There is a new family dynamic in our house. It is a positive one, a loving one, and a good foundation that my wife and I have started to build on. For the first time in a very long time, I heard the words "I am really happy mommy and daddy" come out of my daughters mouth. I was so pleased to hear that and it is proof positive of what the Lord is doing in our house. Like I said my kids have seen more than any kid should ever see of their parents. We are working to give them the family that they deserve. We have changed several things. One of them is an activity every night after supper. It ranges anything from playing a simple game, to reading a story, or a dance party, snuggle time in front of a movie, or telling each other one thing we appreciated about each other during the week. We are finding the more we invest in our family the more return we are getting. The difference we are seeing in these kids is amazing. I praise the Lord for the work he has done so far. I know the Lord is going to continue to work just as long as we stay in his will.

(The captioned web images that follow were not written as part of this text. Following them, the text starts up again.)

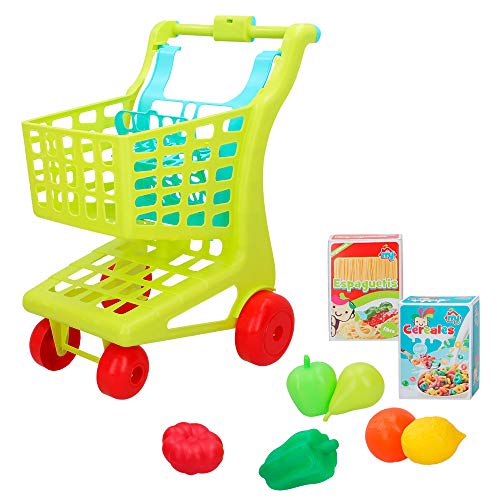 ColorBaby - Carrito supermercado con alimentos My Home Colors (49056)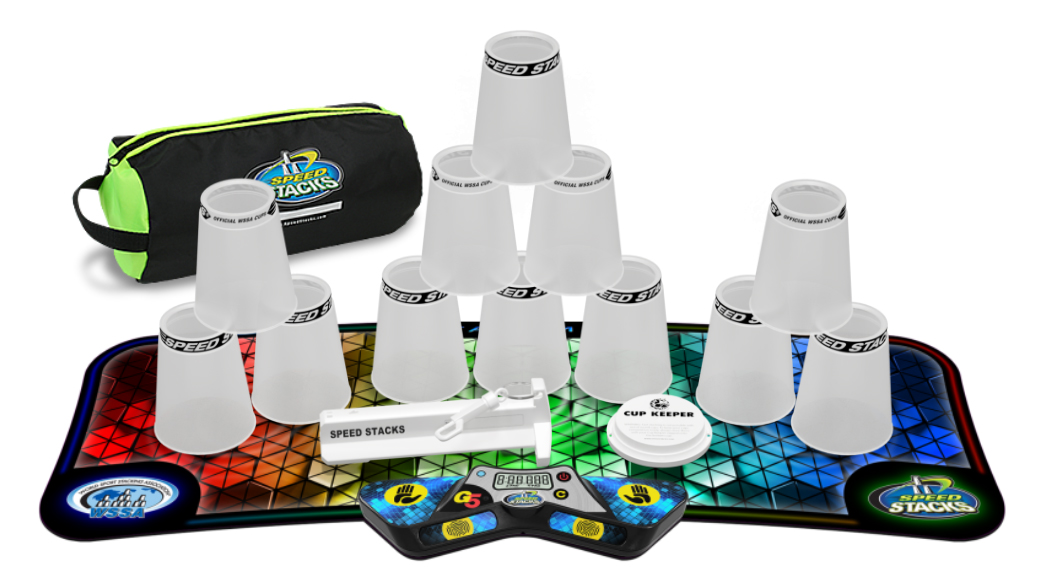 ชุดแก้วสแต็ครุ่นโปร G5 Pro Competitor Speed Stacks (แก้วPro Series 2+แผ่นรองPro Mat G5+นาฬิกาG5+กระเป๋า)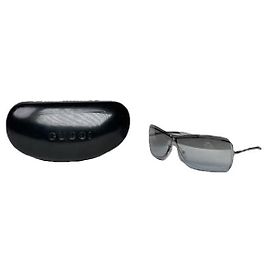 Gafas de sol de metal plateado Gucci
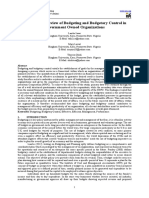 A Systematic Review of Budgeting and Budgetary Control in Government Owned Organizations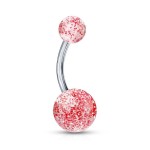 Piercing do pupíku - TITAN (červená)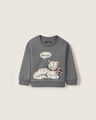 Sudadera Cerrada Corazones,GRIS CARBON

The things that I am finding out about a child's home life have been eye opening. It is all from experience. The ways that a parent can affect a child is startling. I look back at all of my old behaviors and all my wife's old behaviors, and the kids absorbed it like sponges. We have three little mirrors living in our house. Kids are pretty resilient. But sometimes the way in which they decide to deal with it, isn't so healthy. One of my kids is really struggling with the positive change. In fact this particular child struggles with any change because of issues that already exist. Kaos and dysfunction have been a norm in our home for a while now. When you change the dysfunction junction into a functioning family unit, sometimes kids need time to catch up. As my wife is, so are my kids waiting for the other shoe to drop. That shoe would be a repeat of the history. How in the world can I expect our kids to fall into line, when the line was never really there. I know what you are thinking... they can't right away!!! Exactly my thought too. So when the dynamic changes, patience with our kids is required of my wife and I. They need time to adjust once again. But kids adjust quicker to positive than to negative change.
I wish I could take back the last three years. I walked away from the Lord and with that I walked away from my family and friends. I decided that I was going to live my life pleasing to my eyes rather than God's eyes. With that the slide down the hill of sin was fun at first, but at the bottom of it was something waiting to devour me. I got devoured, chewed up, and spit back out. As a result I am now seeing the consequences of my choices. I am hear to tell you selfishness, sin, shame, and pride will lead you down a road of destruction. I will be putting the pieces back together for a while. I know the Lord will walk with me through this time.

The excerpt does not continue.